Well, this is a corner case, which is a challenge for both approaches.
I think that the monitoring script can periodically run ps -s to see if the rosbag2 recorder is still alive. If not, the script can detect the abnormal recorder termination situation and treat all bag files as finished, regardless of whether they have .active counterparts or not.

[facontidavide]

Sooo... Shal we consider again the option of Linux file locks, then?

Note that they are not mutually exclusive.

It should technically work, even if people don't "see" that as they would with the "active" extension.

[MichaelOrlov]

@facontidavide As regards

Sooo... Shal we consider again the option of Linux file locks, then?

The rosbag2 is one of the core packages, and we need to support Windows as well. I think that Linux file locks would be out of scope for consideration.

[facontidavide]

I believe Windows have that too.
I can investigate, if you believe that it's worth it.

[oysstu]

I kind of proposed a similar thing (an active file next to the file being recorded). @tonynajjar had a valid comment on that: #1597 (comment)

Won't the file next to the bag file being recorded have the same bag split suffix? E.g. HHMMSS_mmss_0.active, HHMMSS_mmss_1.active, and so on?

[oysstu]

I believe Windows have that too. I can investigate, if you believe that it's worth it.

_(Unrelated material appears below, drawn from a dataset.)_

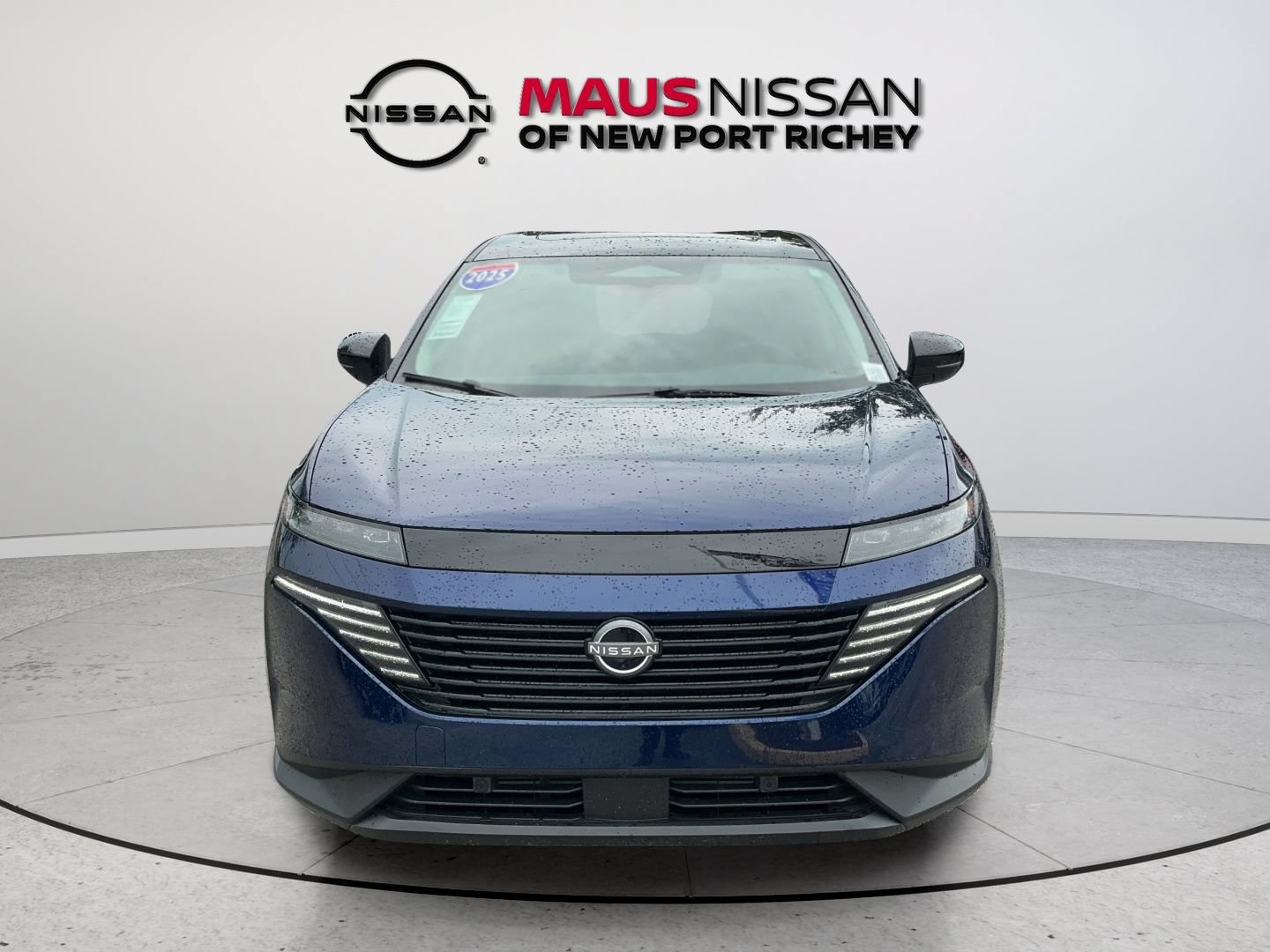 Certified 2025 Nissan Murano SL AWD/4WD image 2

I have no need for this currently, but should it also support network shares (e.g., NFS, SMB)? Because I think that may complicate things even if there is OS support on both Linux and Windows for local files.

[MichaelOrlov]

As regards:

Won't the file next to the bag file being recorded have the same bag split suffix? E.g. HHMMSS_mmss_0.active, HHMMSS_mmss_1.active, and so on?

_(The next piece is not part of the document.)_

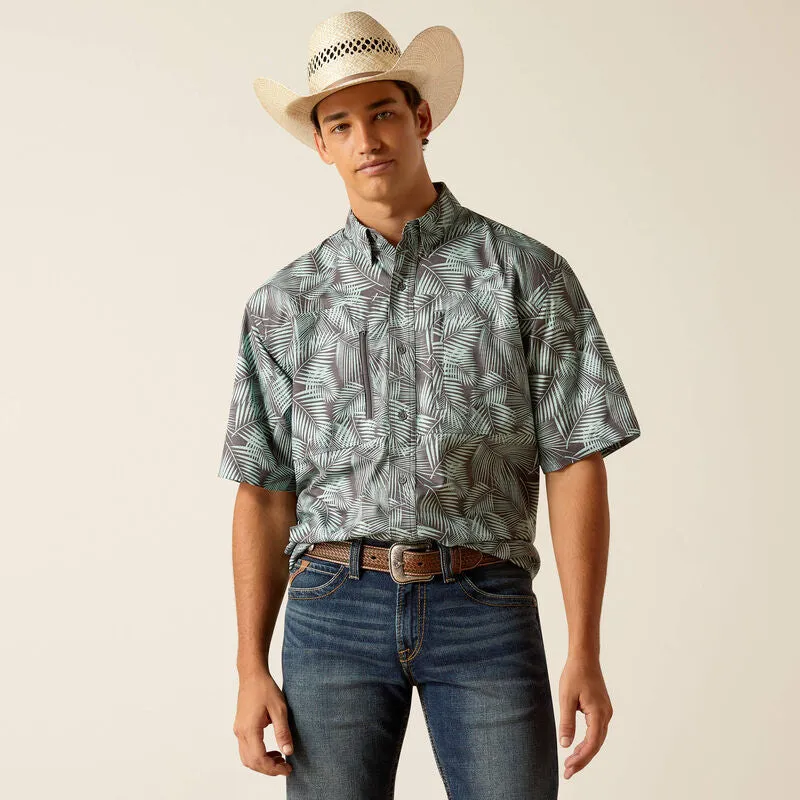 Men's Ariat VentTEK Classic Fit Shirt - 10048847 - FINAL SALE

Yes, it is going to be HHMMSS_mmss_0.mcap.active, HHMMSS_mmss_1.mcap.active, and so on.

[fujitatomoya]

thanks to all comments and information.

In the case of using per-file compression, it will be an odd behavior with the race conditions for the scripts which can't be resolved by design. Consider a workflow

this looks really problematic for user... i think we need to avoid this for sure. but this also looks like it comes from current implementation details. if we can keep the active postfix until compression is completed, it is okay for user?

and i think requirement here is to keep the notice for the user the file id not ready yet in a common way of rosbag2 standard, as long as those are supported i think that is okay for users.

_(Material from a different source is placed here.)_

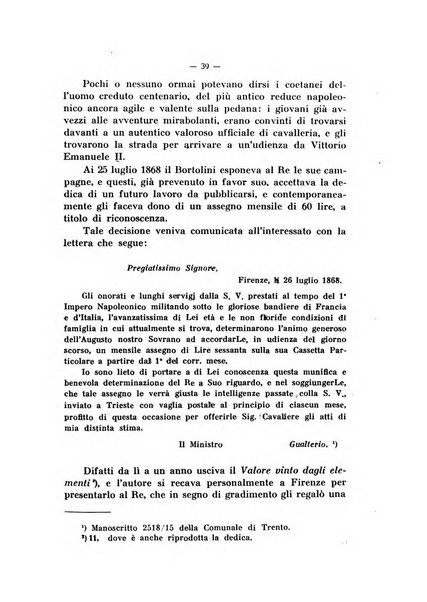 Studi trentini. Ser. 1, Storico-letteraria rivista della Società per gli studi trentini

That is why the solution with creating a temporary empty file with the same name as the original currently recording file but with the .active extention instead of renaming the active file is better.

just checking, during recording we can see 2 files, the one is bag_file_name1.mcap (empty) and bag_file_name1.mcap.active? if that is true, there would be more complication for user to determine bag_file_name1.mcap is ready or not? because use extract the postfix from active file then find the empty file is not just ready yet?

in the file system (linux, no idea about windows), when we rename it, we can reuse the same inode without having any temporary one. but creating temporary file generates extra inode to be overwritten. i do not think this is the problem, but wanted to mentioned this because we would use inotify to monitor the directory and files and send it to the other place without scripting...

[jhurliman]

I kind of proposed a similar thing (an active file next to the file being recorded). @tonynajjar had a valid comment on that: #1597 (comment)

However, your proposal by keeping the same name with a suffix actually mitigates that. So seems like a feasible plan.

One note: how will this file be cleaned up in case of crashes? It might stay there forever and syncing scripts might always assume it's being written. Although this can of course be scripted around pragmatically.

Can you provide a reference for this pattern being used in some other software? I've never heard of it. On the other hand, the .active suffix on in-progress files and renaming after completion follows the same pattern used by all major browsers (with a .part or .crdownload suffix), so I would be inclined to follow that established design pattern.